In the entries below, find the line with "a wooden table sitting inside of a garage" and the line with "Slide: The Image"; reproduce those two lines and all lines between them exactly, without pictures.

• Material provided:
----------------
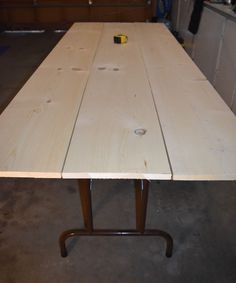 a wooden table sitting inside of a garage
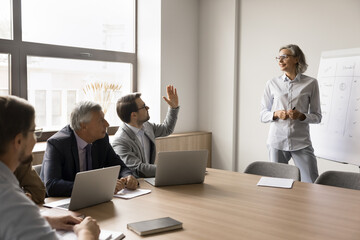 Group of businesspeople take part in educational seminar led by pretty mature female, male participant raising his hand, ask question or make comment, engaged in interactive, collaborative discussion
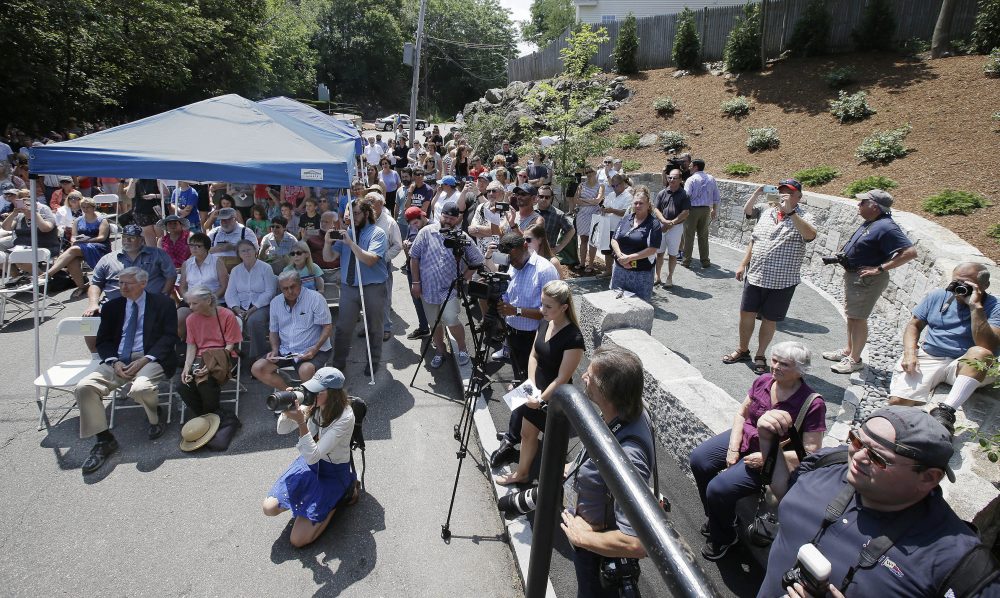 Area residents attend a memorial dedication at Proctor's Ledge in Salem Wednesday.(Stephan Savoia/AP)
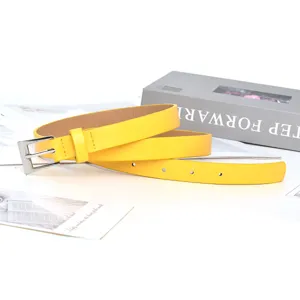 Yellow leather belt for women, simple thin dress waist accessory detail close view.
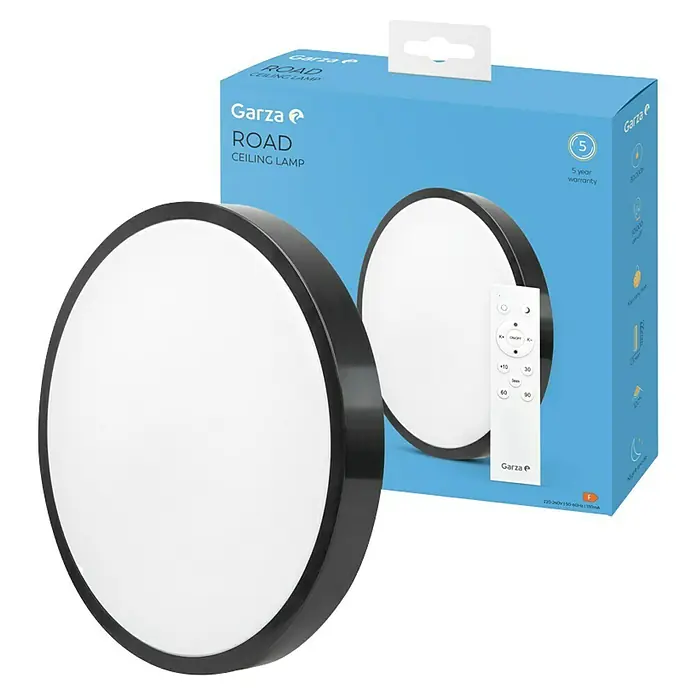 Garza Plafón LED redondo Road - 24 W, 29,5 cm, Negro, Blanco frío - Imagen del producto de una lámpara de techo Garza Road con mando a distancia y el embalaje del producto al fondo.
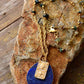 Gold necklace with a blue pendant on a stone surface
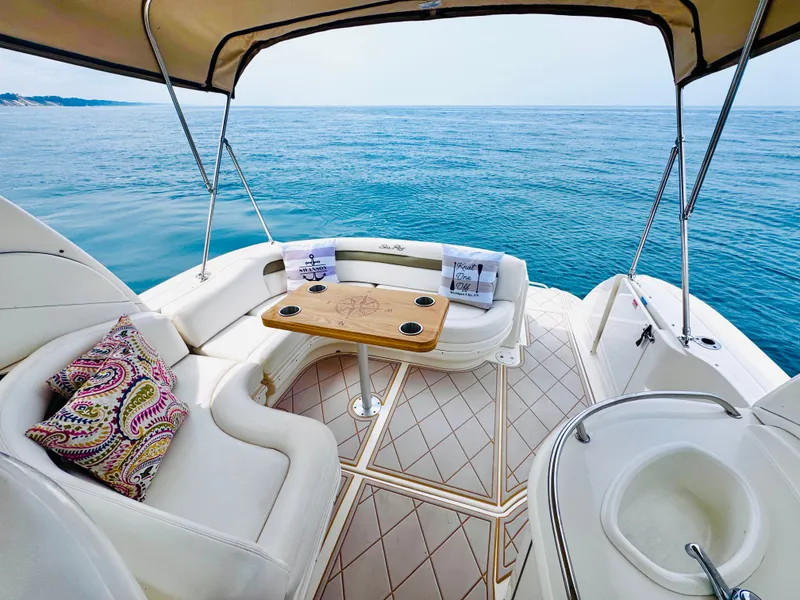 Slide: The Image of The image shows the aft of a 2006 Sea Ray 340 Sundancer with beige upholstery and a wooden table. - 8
----------------
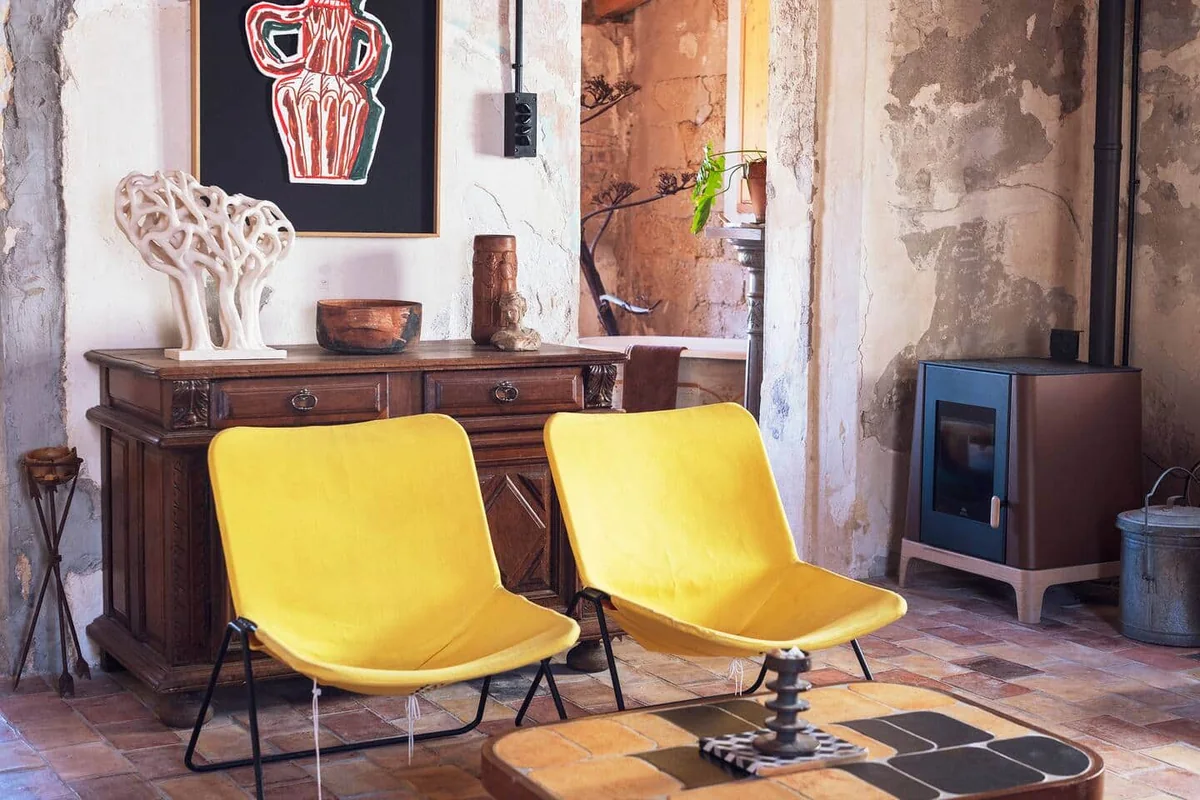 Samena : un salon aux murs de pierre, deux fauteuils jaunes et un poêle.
----------------
• Solution below:
 a wooden table sitting inside of a garage
 Group of businesspeople take part in educational seminar led by pretty mature female, male participant raising his hand, ask question or make comment, engaged in interactive, collaborative discussion
 Area residents attend a memorial dedication at Proctor's Ledge in Salem Wednesday.(Stephan Savoia/AP)
 Yellow leather belt for women, simple thin dress waist accessory detail close view.
 Garza Plafón LED redondo Road - 24 W, 29,5 cm, Negro, Blanco frío - Imagen del producto de una lámpara de techo Garza Road con mando a distancia y el embalaje del producto al fondo.
 Gold necklace with a blue pendant on a stone surface
 Slide: The Image of The image shows the aft of a 2006 Sea Ray 340 Sundancer with beige upholstery and a wooden table. - 8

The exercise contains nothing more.